◆ **Task details**
For each line below, print it again exactly as shown.

[The input Boundary: Start]

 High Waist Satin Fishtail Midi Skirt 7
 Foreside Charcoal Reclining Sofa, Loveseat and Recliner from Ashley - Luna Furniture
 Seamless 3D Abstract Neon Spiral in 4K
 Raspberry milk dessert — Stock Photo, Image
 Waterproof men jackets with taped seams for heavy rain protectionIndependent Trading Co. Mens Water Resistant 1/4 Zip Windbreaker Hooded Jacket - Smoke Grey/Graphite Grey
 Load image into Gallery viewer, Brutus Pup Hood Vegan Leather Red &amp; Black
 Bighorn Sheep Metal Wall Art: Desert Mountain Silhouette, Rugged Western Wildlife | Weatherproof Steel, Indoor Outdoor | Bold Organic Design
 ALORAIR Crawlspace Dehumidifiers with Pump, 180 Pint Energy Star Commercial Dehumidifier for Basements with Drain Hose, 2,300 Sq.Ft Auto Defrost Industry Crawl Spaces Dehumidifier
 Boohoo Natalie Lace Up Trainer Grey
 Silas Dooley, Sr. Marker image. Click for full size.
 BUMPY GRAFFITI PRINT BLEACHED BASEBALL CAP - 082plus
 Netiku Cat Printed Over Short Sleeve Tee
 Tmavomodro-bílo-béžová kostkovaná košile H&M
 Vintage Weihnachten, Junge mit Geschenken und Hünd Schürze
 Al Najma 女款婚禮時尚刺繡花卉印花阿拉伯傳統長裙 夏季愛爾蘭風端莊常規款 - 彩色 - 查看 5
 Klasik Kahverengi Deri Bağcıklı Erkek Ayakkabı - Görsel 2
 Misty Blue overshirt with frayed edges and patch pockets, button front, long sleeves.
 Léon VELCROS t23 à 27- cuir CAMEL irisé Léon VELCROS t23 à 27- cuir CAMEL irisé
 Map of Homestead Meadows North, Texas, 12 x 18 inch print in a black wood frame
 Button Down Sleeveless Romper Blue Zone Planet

[The input Boundary: End]

◆ **Expected output**
 High Waist Satin Fishtail Midi Skirt 7
 Foreside Charcoal Reclining Sofa, Loveseat and Recliner from Ashley - Luna Furniture
 Seamless 3D Abstract Neon Spiral in 4K
 Raspberry milk dessert — Stock Photo, Image
 Waterproof men jackets with taped seams for heavy rain protectionIndependent Trading Co. Mens Water Resistant 1/4 Zip Windbreaker Hooded Jacket - Smoke Grey/Graphite Grey
 Load image into Gallery viewer, Brutus Pup Hood Vegan Leather Red &amp; Black
 Bighorn Sheep Metal Wall Art: Desert Mountain Silhouette, Rugged Western Wildlife | Weatherproof Steel, Indoor Outdoor | Bold Organic Design
 ALORAIR Crawlspace Dehumidifiers with Pump, 180 Pint Energy Star Commercial Dehumidifier for Basements with Drain Hose, 2,300 Sq.Ft Auto Defrost Industry Crawl Spaces Dehumidifier
 Boohoo Natalie Lace Up Trainer Grey
 Silas Dooley, Sr. Marker image. Click for full size.
 BUMPY GRAFFITI PRINT BLEACHED BASEBALL CAP - 082plus
 Netiku Cat Printed Over Short Sleeve Tee
 Tmavomodro-bílo-béžová kostkovaná košile H&M
 Vintage Weihnachten, Junge mit Geschenken und Hünd Schürze
 Al Najma 女款婚禮時尚刺繡花卉印花阿拉伯傳統長裙 夏季愛爾蘭風端莊常規款 - 彩色 - 查看 5
 Klasik Kahverengi Deri Bağcıklı Erkek Ayakkabı - Görsel 2
 Misty Blue overshirt with frayed edges and patch pockets, button front, long sleeves.
 Léon VELCROS t23 à 27- cuir CAMEL irisé Léon VELCROS t23 à 27- cuir CAMEL irisé
 Map of Homestead Meadows North, Texas, 12 x 18 inch print in a black wood frame
 Button Down Sleeveless Romper Blue Zone Planet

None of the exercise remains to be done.